[Stored items]

((

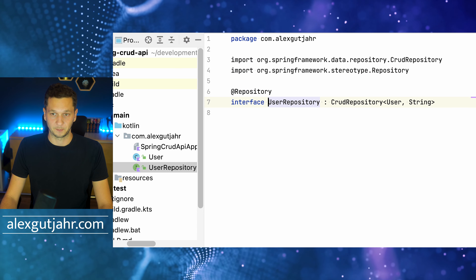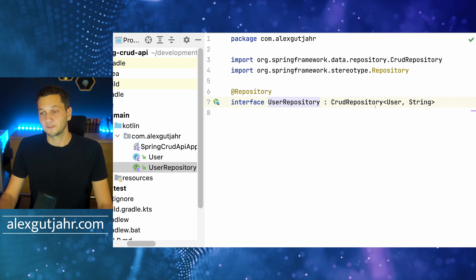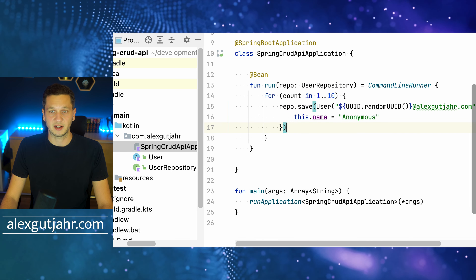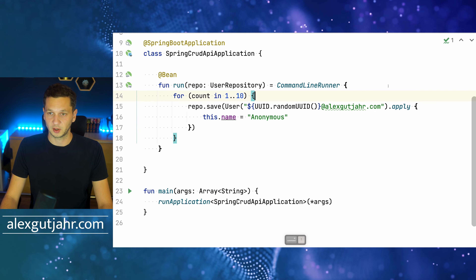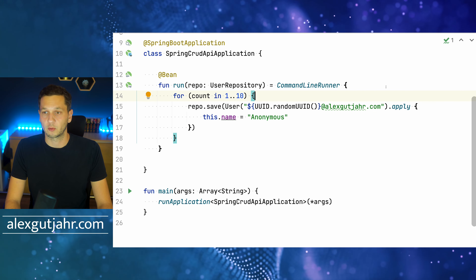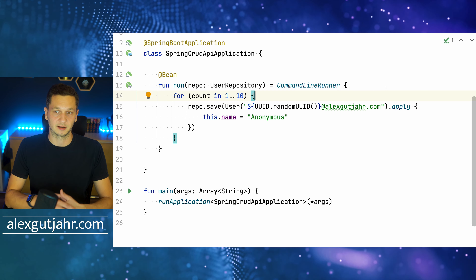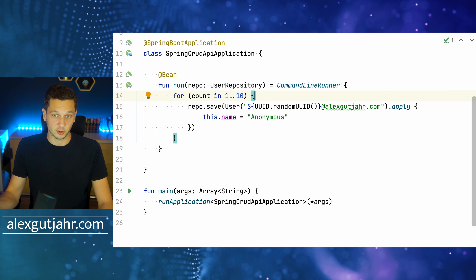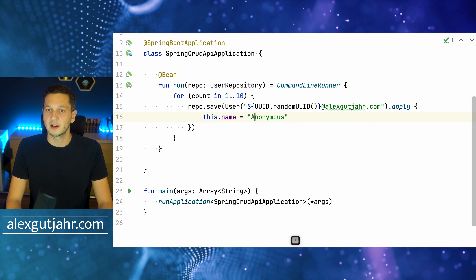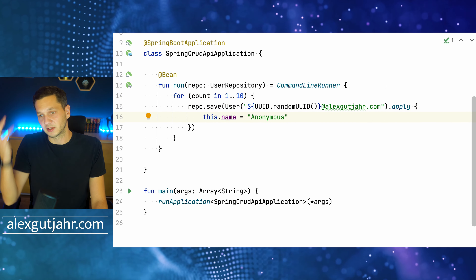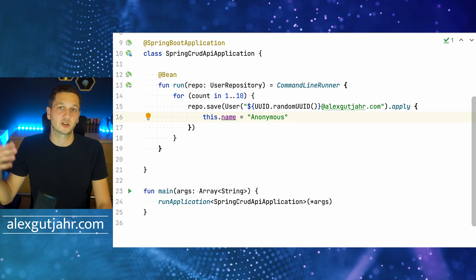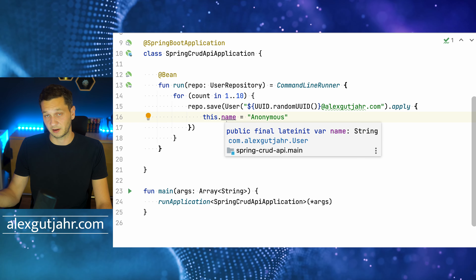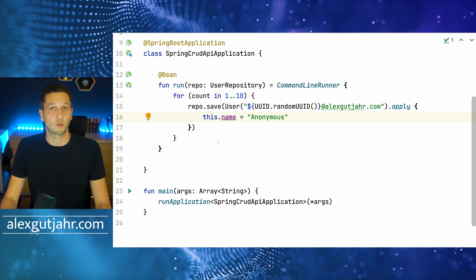Of course, I have a repository to access users, and once the application starts, I run a snippet of code that creates 10 random users — 10 unique random email addresses generated with a UUID. They all have the name 'anonymous', which doesn't really matter. The point is just to have a few users in the database so once we start up, there are 10 users to work with.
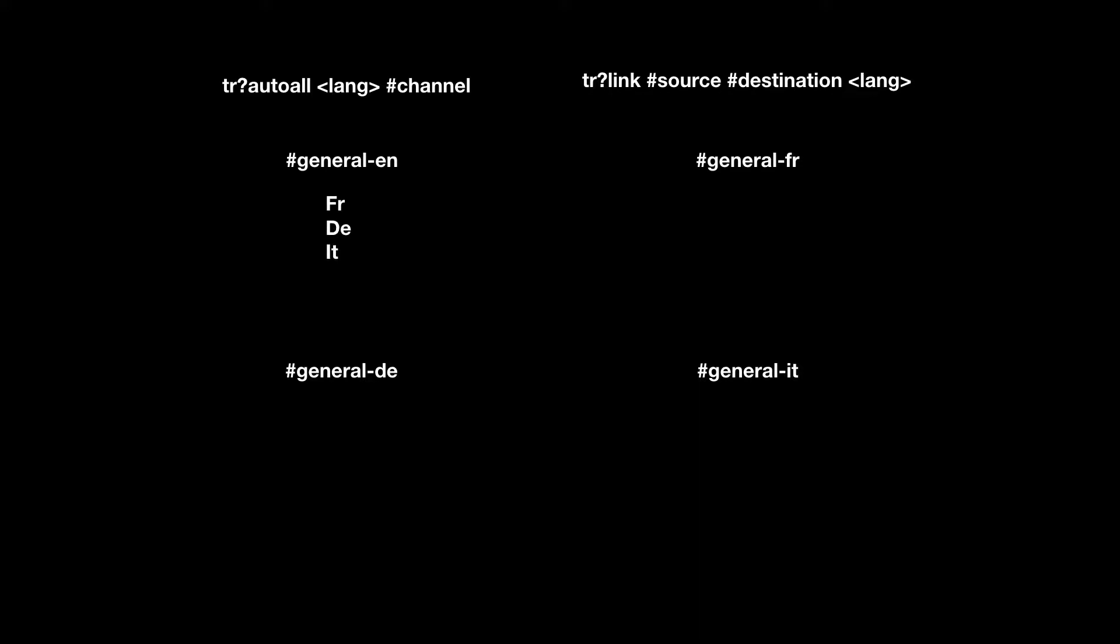So we do TR autowall, the language, whether it be French, German, or Italian, and then the channel, general EN. By doing so, we set up all three on general EN.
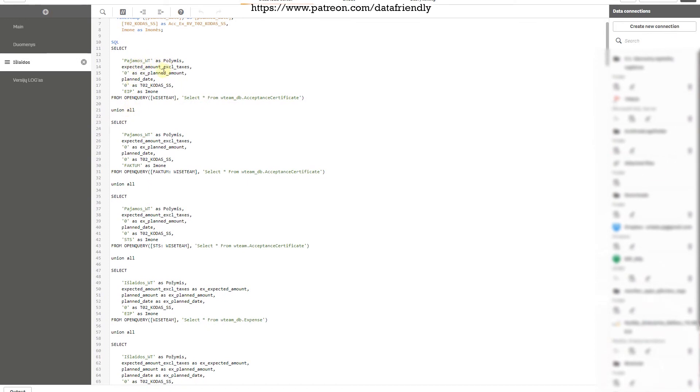When using SQL UNION ALL to combine tables, you must have the same column structure across all tables. For example, if one table has an expected amount and another has a planned amount, you add a zero placeholder for the missing column. Similarly, a code column that only exists in one table would be zero in the others. The key rule: when doing a UNION connection, make sure you load the same number of columns from each table — otherwise it will not work.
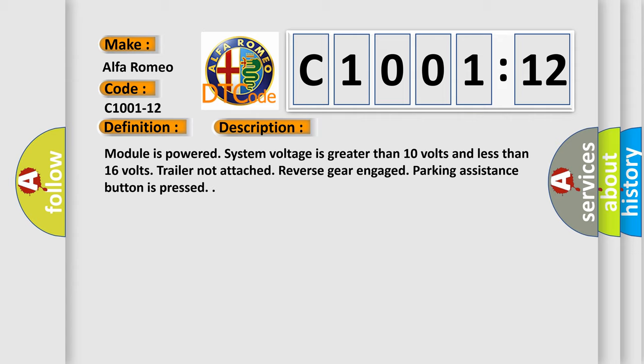Module is powered, system voltage is greater than 10 volts and less than 16 volts, trailer not attached, reverse gear engaged, parking assistance button is pressed.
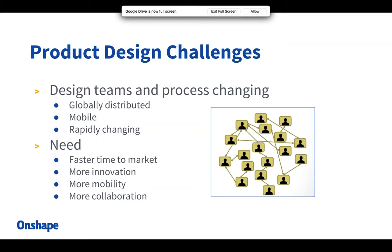Instead of having a single file that gets passed back and forth between multiple people, there's only one true source of data. So instead of having copies and wondering who has the latest version or overriding and replacing references, there's only one design. You're allowing people access to that design via a share mechanism — it's a shift in how we think, but everything you do in Onshape is stored securely in the cloud.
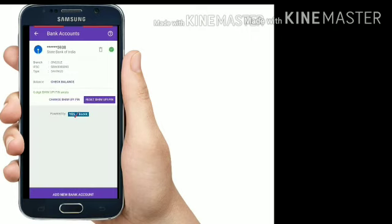If you purchase a bank account, click here and you can add a bank account. You can put your phone number.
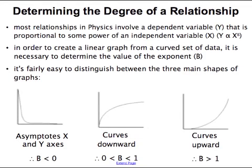In this lesson I'm going to show you how to determine the degree of a relationship and use that information to create a linear graph. This works for proportional relationships where one variable is proportional to some power of the other variable, which is a really common type of relationship in physics.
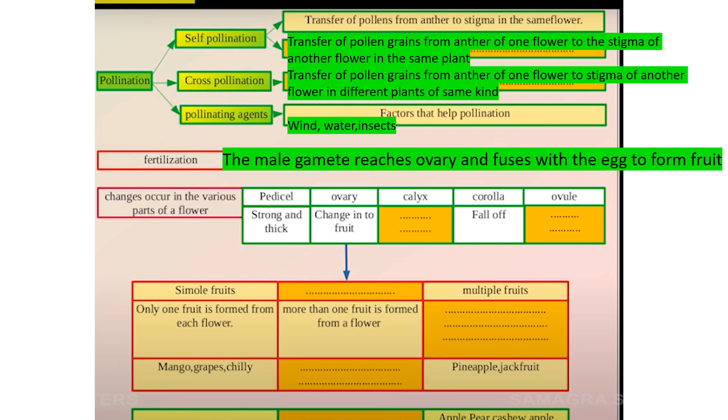Pollination agents are factors that help pollination. These include wind, water, and insects.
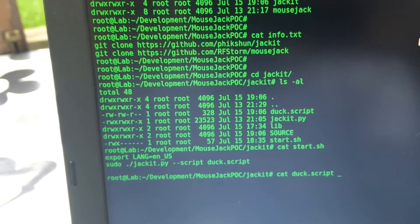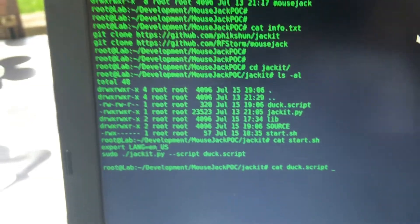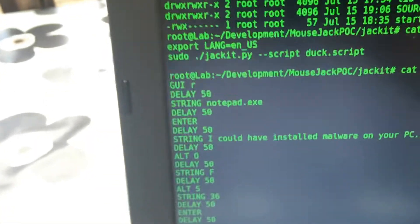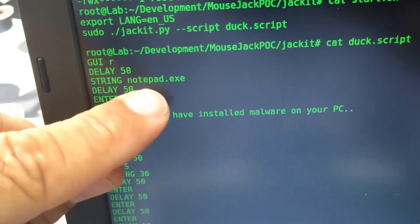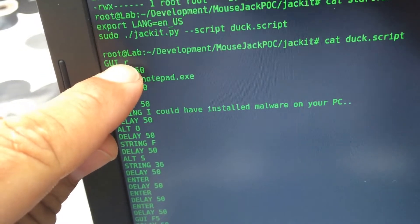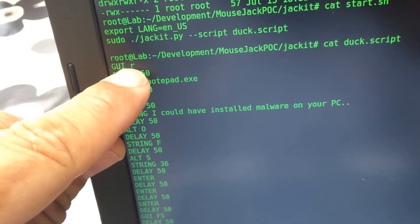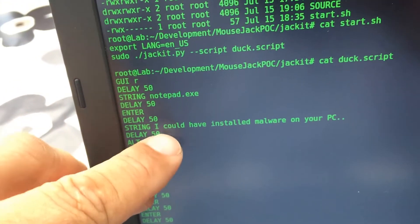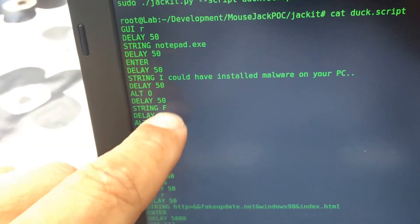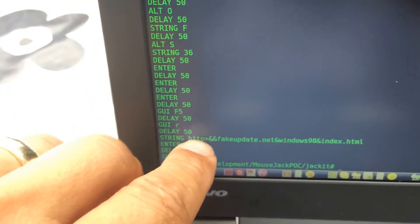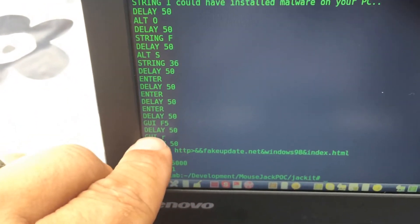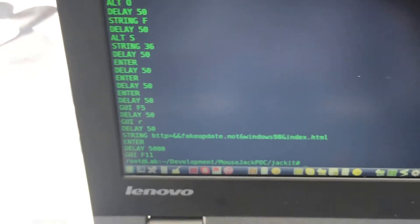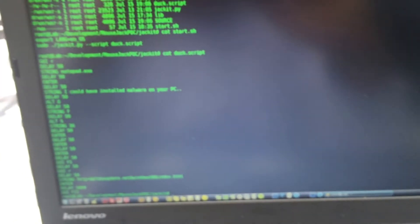Let's see it here. It's just text starting up Windows R, run Notepad, type something on the PC in Notepad, and then start up run again with an address to the internet just to show you that I could infect malware on a PC.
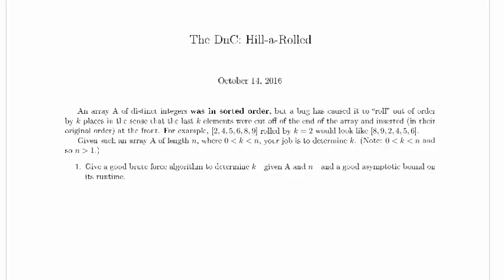We're working the DNC Harold problem. An array of distinct integers was in sorted order, but a bug has caused it to roll out of order by k places, in the sense that the last k elements were cut off of the end of the array and inserted in their original order at the front.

))

* _What is required_
Quote the data above exactly from the line with "So we do TR" to the line with "When using SQL", both ends counted, and nothing else. Pictures don't go in.

* _Answer section_
So we do TR autowall, the language, whether it be French, German, or Italian, and then the channel, general EN. By doing so, we set up all three on general EN.
When using SQL UNION ALL to combine tables, you must have the same column structure across all tables. For example, if one table has an expected amount and another has a planned amount, you add a zero placeholder for the missing column. Similarly, a code column that only exists in one table would be zero in the others. The key rule: when doing a UNION connection, make sure you load the same number of columns from each table — otherwise it will not work.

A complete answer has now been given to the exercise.